─── GIVEN RECORDS ───

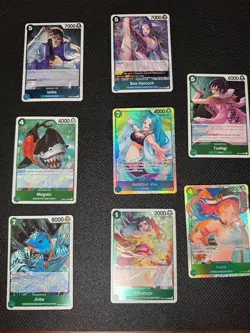 One Piece TCG Bulk Lot | 94 Cards | Rares, Commons, Uncommons | OP14 Azure Seas - Image 2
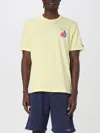 Mc2 Saint Barth T-shirt  Men Color Yellow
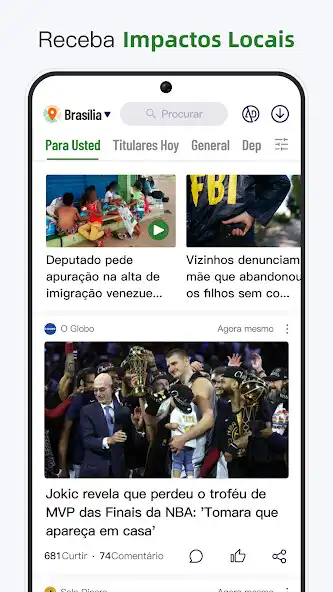 Play Notícias Locais as an online game Notícias Locais with UptoPlay
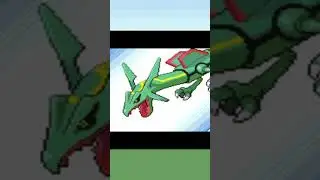 PERFECTLY NORMAL RAYQUAZA #perfectlynormalpokemon #pokemon #circletoons #toomanytypes #funny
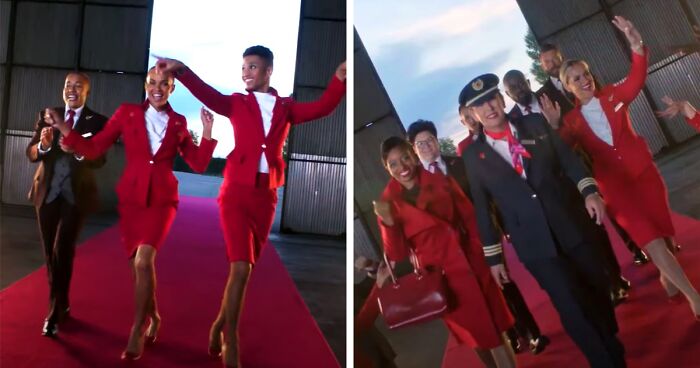 Virgin Atlantic Scraps Gendered Uniforms To Drive Inclusivity, Dividing Opinions Online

───

EXERCISE DIRECTIONS -
Every line from the one containing "Mc2 Saint Barth" through the end of the entries above is to be copied exactly; pictures are to be left out.

OUTPUT BELOW -
 Mc2 Saint Barth T-shirt  Men Color Yellow
 Play Notícias Locais as an online game Notícias Locais with UptoPlay
 PERFECTLY NORMAL RAYQUAZA #perfectlynormalpokemon #pokemon #circletoons #toomanytypes #funny
 Virgin Atlantic Scraps Gendered Uniforms To Drive Inclusivity, Dividing Opinions Online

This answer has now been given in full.